We've had ourselves a little holiday, flying up to Cairns and Port Douglas like we did last year, and much of what we did was only really of interest to ourselves, and to be honest much of it was the same as last year, swimming in the warm Pacific Ocean from Four Mile Beach and staying in the same holiday apartments as last year.
We did manage to get out to the Reef, to Low Island, to go snorkelling one day, which was a blast with great shoals of trevally, angel and zebra fish, and far too many to count little fish, almost like going for a swim in an aquarium.
Low Isles lighthouse
Some things were a little different of course, one night in Cairns we ate at Little Sister, a Japanese fusion restaurant that I don't think was there last year, and Port Douglas didn't seem quite as busy with a few empty shops on Macrossan St, the main drag
Plant growing through floor of empty shop
and this year, instead of going to the Daintree, we went further north to Cooktown where we stayed at
Mungbumby Lodge, an eco resort once patronised by David Attenborough, and where we'd stayed in 2014 when we took our own car up to Cairns on the
Sunlander, the last time you could take your car on the train
To get there of course we needed a car. Last year the rental car lottery delivered us a surprisingly impressive
Haval Jolion. This year we ended up with an
MG ZS with a tad under 60k on the clock.
When MG's - the Chinese made models made by SAIC, not the original British sports cars - started to be imported into Australia, people were disparaging, just as they were about Korean cars when they started being imported twenty five years ago, and while I never drove one of the earlier imported MG's, I had a ride in one once or twice and it's true, they sounded a bit rough and noisy, but then so did a Hyundai Getz when they first appeared.
Not this one. Quiet, comfortable, yes the automatic transmission could have been a little slicker, but the little MG not only could rattle along comfortably at 110km/h on the road up to Cooktown, it took the dirt and gravel road to Mungumby in its stride.
It's easy to see why it was the best selling small SUV in Australia for the last two or three years, and indeed why the more established manufacturers are increasingly abandoning the small SUV space - they simply can't compete on price and quality, certainly the little MG ZS was better than both the Ford Focus SUV and the VW Taigo we had in Europe in 2023 and had just as much luggage space.
While at Mungumby we had a day out to Cooktown to see the Botanic Gardens.
Cook's Monument, Cooktown
In 2014 when we visited Cooktown was a tatty, end of the road sort of place, a little run down, but all the more interesting for that.
Post cyclone, they've tarted up the waterfront a bit, but it still has a definite end of the road feeling.

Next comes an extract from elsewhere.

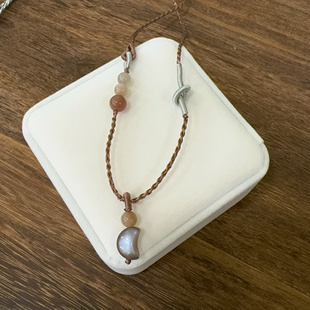 黑体日光石弯月天然水晶橙月光手工编绳项链棕色项链绳吊坠挂绳女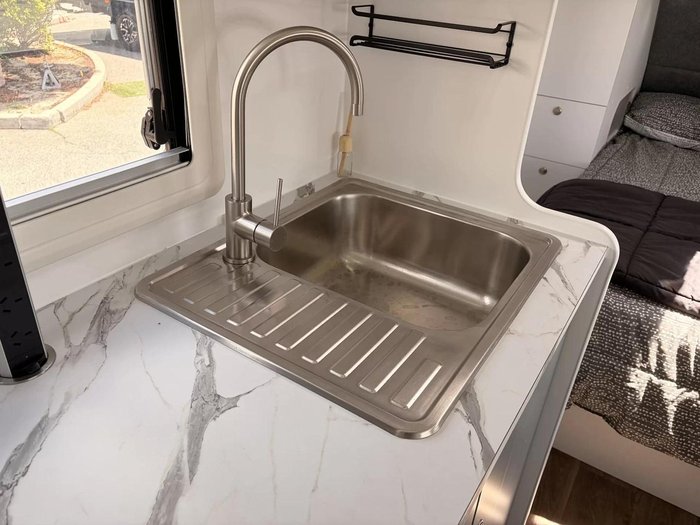 2025 Dreamhaven Dreamhaven 18 Series Tourline Caravan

There's one little puzzle though.
At the time, Cooktown was a significant settlement with steamship links to China, and a telegraph link to the south. If search for 'Cooktown' in digitised newspaper reports of the time, a lot of the overseas reports are bylined as 'via telegraph by Cooktown' or something similar.
After the
Panjdeh Incident there was a major panic that there might be war with Russia and that the Russian Pacific fleet might be used to attack Australia.
The story goes that the government in Brisbane sent the town an old Napoleonic wars cannon, something that would be singularly useless in the defence of the town against the Russian fleet.
Cannon and crest
and certainly there is a George III era cannon in Cooktown.
The Russians were certainly in the area, as were the Germans occupying part of what is now PNG, and since Cooktown was an important port for the Palmer River goldfields, worries about the defence of such an isolated community were perhaps not as silly as they first sound.
However, the sign by the cannon has changed. It's now described as a gift from Queen Victoria, and furthermore it claims that the worries about Russian invasion originated from Townsville 700km to the south, and that there is no record in the council minutes of the time of help with defending the town being requested from the colonial government in Brisbane.
What the actual truth is, I don't know.
But certainly there is a report in the
Queensland Times from April 18th 1885 that the Cooktown Council passed a resolution requiring the Mayor to contact the Government in Brisbane to see if they would cover the cost of evacuating the women and children in the event of a threatened Russian attack.
Certainly I can see that people might have been worried about the defence of the town in the 1880's given the isolation of the community, and might also have requested help from the colonial government to defend the town.